* [Activity]: In the entries below, find the line with "REMAX AA-053 autós töltő 2.1A" and the line with "Životni savjeti mudre". Reproduce those two lines and every line between them exactly, and nothing more.

* [Data shown]:
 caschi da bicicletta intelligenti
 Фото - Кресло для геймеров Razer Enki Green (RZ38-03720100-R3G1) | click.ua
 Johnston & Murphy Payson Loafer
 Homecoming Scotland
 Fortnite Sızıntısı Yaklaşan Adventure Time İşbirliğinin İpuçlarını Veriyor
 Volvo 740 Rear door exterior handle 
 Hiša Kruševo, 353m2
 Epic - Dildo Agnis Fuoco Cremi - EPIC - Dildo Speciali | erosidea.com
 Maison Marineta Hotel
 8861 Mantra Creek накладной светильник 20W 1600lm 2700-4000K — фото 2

---

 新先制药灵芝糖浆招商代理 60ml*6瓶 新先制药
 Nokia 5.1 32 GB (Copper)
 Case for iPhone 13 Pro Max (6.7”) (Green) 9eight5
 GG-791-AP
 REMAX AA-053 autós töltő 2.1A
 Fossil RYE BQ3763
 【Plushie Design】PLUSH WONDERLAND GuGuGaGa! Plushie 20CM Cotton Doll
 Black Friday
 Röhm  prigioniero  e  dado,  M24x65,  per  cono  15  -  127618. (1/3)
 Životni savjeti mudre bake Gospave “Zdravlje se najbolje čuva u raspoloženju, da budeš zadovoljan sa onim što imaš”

* [Solution to the problem]:
 REMAX AA-053 autós töltő 2.1A
 Fossil RYE BQ3763
 【Plushie Design】PLUSH WONDERLAND GuGuGaGa! Plushie 20CM Cotton Doll
 Black Friday
 Röhm  prigioniero  e  dado,  M24x65,  per  cono  15  -  127618. (1/3)
 Životni savjeti mudre bake Gospave “Zdravlje se najbolje čuva u raspoloženju, da budeš zadovoljan sa onim što imaš”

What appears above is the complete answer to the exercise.